The UAW Has Set Its Sights on the Anti-Union South

The South has long remained a nearly impenetrable citadel for labor. Fresh off of the success of its Big Three strike last year and looking to organize an Alabama Mercedes plant, the United Auto Workers wants to storm the castle.

UAW Strikes a Mercedes Parts Plant as Union Eyes More Targets

A United Auto Workers sign held on a picket line outside the ZF Chassis Systems plant in Tuscaloosa, Alabama, September 20, 2023. (Andi Rice / Bloomberg via Getty Images)


In Vance, Alabama, nineteen miles east of Tuscaloosa, workers at the Mercedes-Benz US International (MBUSI) plant make the Mercedes GLE, GLE coupé, and GLS model series as well as the all-electric EQS SUV and EQE. They’ve also started building something else: a union. On the heels of the United Auto Workers’ (UAW) victorious strike against the Big Three automakers last fall, the union has gone on the offensive, vowing to organize some 150,000 nonunion autoworkers at thirteen companies across the country.

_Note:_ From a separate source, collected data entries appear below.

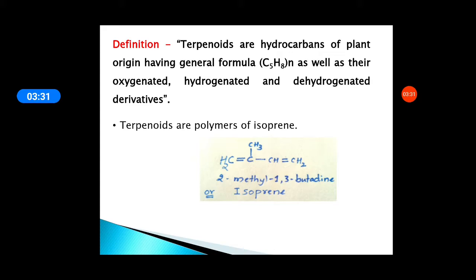Terpenes contain isoprene as a monomer unit — two, three, four, five, or any number of isoprene units combine to give a polymer, and that polymer is called a terpene. If these isoprenes are oxygenated — containing a hydroxyl group, a carboxylic acid group (COOH), or an aldehyde group (CHO) — then they are called terpenoids.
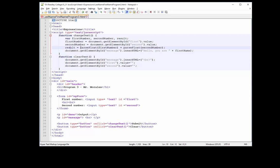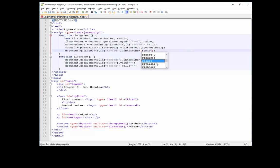Think of it like algebra, but instead you're reading it from left to right starting after the equal sign. Afterwards it gets saved to the left side of the equal sign into the variable called result. The last thing I want to do is on line 11, let's change 'myResult' and just put 'result'. That will give us the answer.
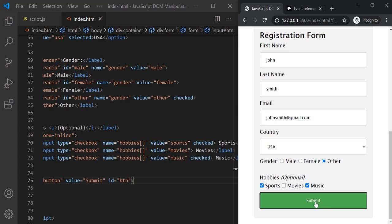this submit button will first validate the form data. And after validation, it will send the form data to the server. So when we click on this submit button, a click event happens. And when that click event happens, we write logic in our JavaScript code to validate the form data.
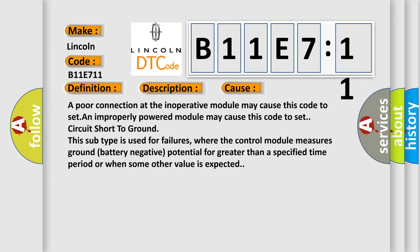Circuit short to ground. This subtype is used for failures where the control module measures ground battery negative potential for greater than a specified time period or when some other value is expected.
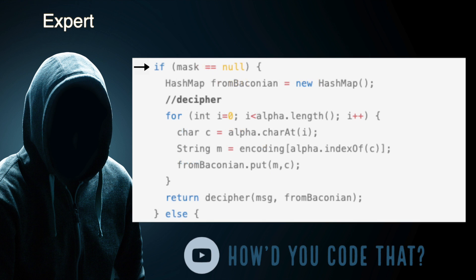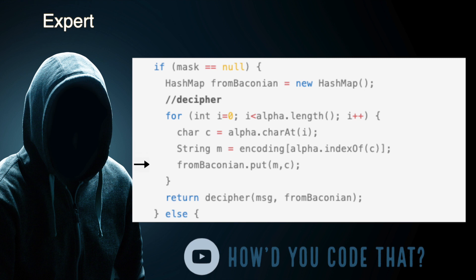Next, we evaluate whether the mask variable is null, indicating we've received a string that requires deciphering. If it is, we instantiate a hash map named 'fromBaconian'. Next, we walk through each character in the letters of the English alphabet and assign it to a character variable named 'c'. Using the index position of character 'c', we grab the corresponding binary digits from the encoding array and assign it to a string variable named 'm'. We put the binary digits 'm' in our hash map as the key and the corresponding character 'c' as the value. Once we've completed processing each character in the English alphabet, we call the decipher method, passing it our ciphered string and our hash map, returning the results to the caller.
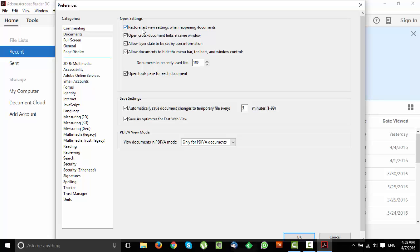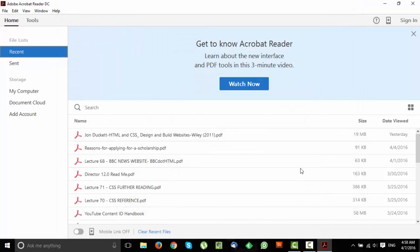So when you reopen the PDF file it will be at the exact same spot where you left it when you closed it the last time. Just click OK and that's it.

The union has tried to organize some of these plants before — and failed. The South has proven an almost entirely impenetrable citadel for the entirety of modern US labor history. Yet the UAW is heeding these workers’ calls, directing its focus and $40 million in extra resources to try again, and on a far larger scale.

The UAW has failed before, but now, the context has changed: members’ success at the Big Three has ignited a sense of possibility in their nonunion counterparts, and the union’s new leadership, determined to cast off the corruption of old and trust in the power of the membership and the desire to organize across the entire working class, is encouraging precisely such ambitious thinking. If workers were ever going to pull this one off, now is the time.